A hard requirement for an STA thread is that it should never block and must pump a message loop. The message loop is important because that's what COM uses to marshal an interface method call from one thread to another. Although .NET makes marshaling calls easy (Control.BeginInvoke or Dispatcher.BeginInvoke for example), it is actually a very tricky thing to do. The thread that executes the call must be in a well-known state. You can't just arbitrarily interrupt a thread and force it to make a method call, that would cause horrible re-entrancy problems. A thread should be "idle", not busy executing any code that is mutating the state of the program.

Perhaps you can see where that leads: yes, when a program is executing the message loop, it is idle. The actual marshaling takes place through a hidden window that COM creates, it uses PostMessage to have the window procedure of that window execute code. On the STA thread. The message loop ensures that this code runs.

Solution 2:

The "message pump" is a core part of any Windows program that is responsible for dispatching windowing messages to the various parts of the application. This is the core of Win32 UI programming. Because of its ubiquity, many applications use the message pump to pass messages between different modules, which is why Office applications will break if they are run without any UI.

Wikipedia has a basic description.

Solution 3:

John is talking about how the Windows system (and other window based systems - X Window, original Mac OS....) implement asynchronous user interfaces using events via a message system.

Behind the scenes for each application there is a messaging system where each window can send events to other windows or event listeners -- this is implemented by adding a message to the message queue.
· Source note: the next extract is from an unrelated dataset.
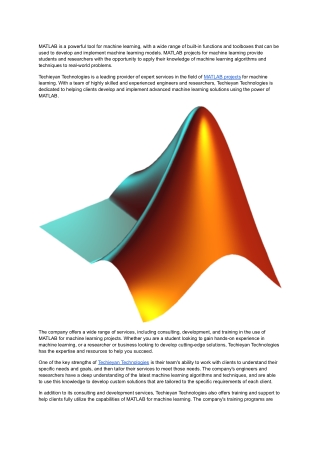 50 MATLAB Projects for Machine Learning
There is a main loop which always runs looking at this message queue and then dispatching the messages (or events) to the listeners.

The Wikipedia article Message loop in Microsoft Windows shows example code of a basic Windows program -- and as you can see at the most basic level a Windows program is just the "message pump".
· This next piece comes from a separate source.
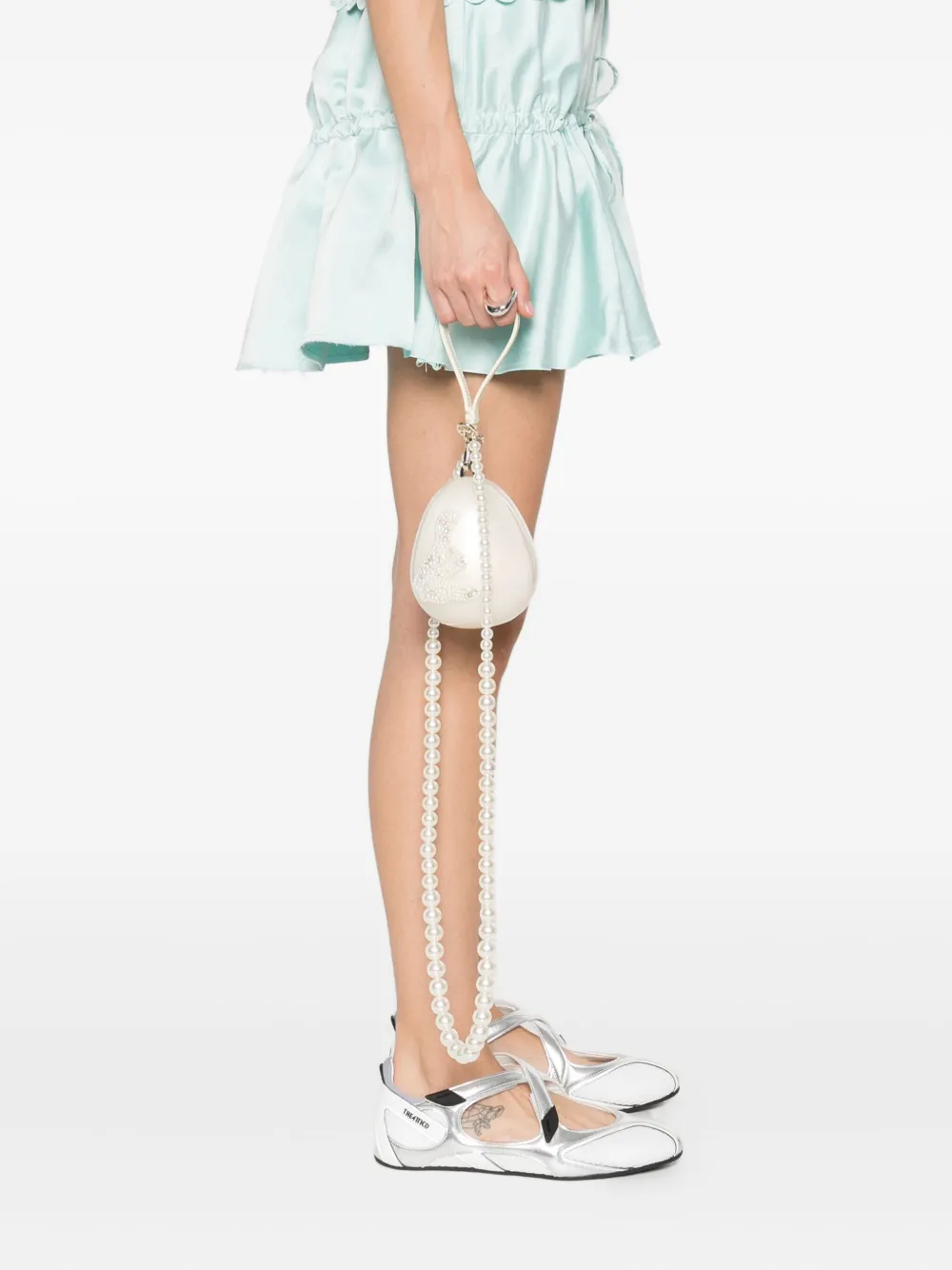 Simone Rocha Mini Hare Cross Body Bag In White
So, to pull it all together. The reason a windows program designed to support a UI can't act as a service is because it needs the message loop running all the time to enable UI support. If you implement it as a service as described, it won't be able to process the internal asynchronous event handling.

Solution 4:

In COM, a message pump serialises and de-serialises messages sent between apartments. An apartment is a mini process in which COM components can be run. Apartments come in single threaded and free threaded modes. Single threaded apartments are mainly a legacy system for applications of COM components that don't support multi-threading. They were typically used with Visual BASIC (as this did not support multi-threaded code) and legacy applications.

I guess that the message pump requirement for Word stems from either the COM API or parts of the application not being thread safe. Bear in mind that the .NET threading and garbage collection models don't play nicely with COM out of the box. COM has a very simplistic garbage collection mechanism and threading model that requires you to do things the COM way. Using the standard Office PIAs still requires you to explicitly shut down COM object references, so you need to keep track of every COM handle created. The PIAs will also create stuff behind the scenes if you're not careful.
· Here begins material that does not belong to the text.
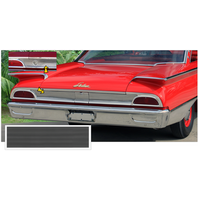 1960 Ford Galaxie Starliner Tail Panel Pinstripe Kit - Matt Black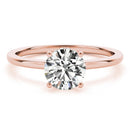 Round Hidden Halo Engagement Ring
.NET-COM integration is a whole topic all by itself, and there are even books written on the subject. Even using COM APIs for Office from an interactive desktop application requires you to jump through hoops and make sure that references are explicitly released.

Office can be assumed to be thread-unsafe, so you will need a separate instance of Word, Excel or other Office applications for each thread. You would have to incur the starting overhead or maintain a thread pool. A thread pool would have to be meticulously tested to make sure all COM references were correctly released. Even starting and shutting down instances requires you to make sure all references are released correctly. Failure to dot your i's and cross your t's here will result in large numbers of dead COM objects and even whole running instances of Word being leaked.

Solution 5:

Wikipedia suggests it means the program's main Event Loop.